Your objective
Repeat each line of the material below exactly as it appears, minus any pictures.

Raw data
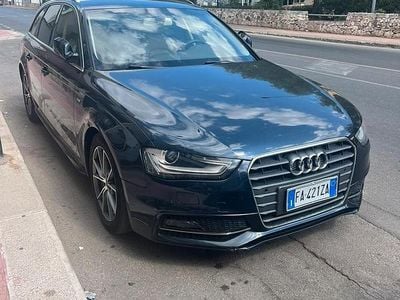 Usata Audi A4 S-Line 150 CV (110 kW) 2015 Blu Berlina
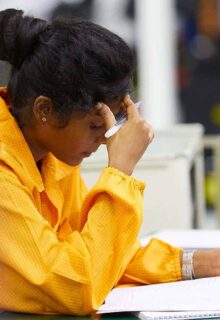 woman reading, gpv electronics lk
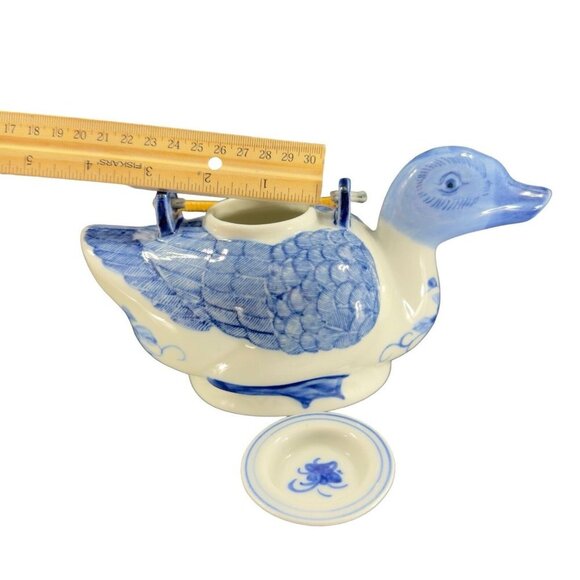 Ceramic Porcelain Duck Bird Teapot Wrapped Handle Blue White Oriental Carafe VTG - Picture 5 of 15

Answer to the problem
 Usata Audi A4 S-Line 150 CV (110 kW) 2015 Blu Berlina
 woman reading, gpv electronics lk
 Ceramic Porcelain Duck Bird Teapot Wrapped Handle Blue White Oriental Carafe VTG - Picture 5 of 15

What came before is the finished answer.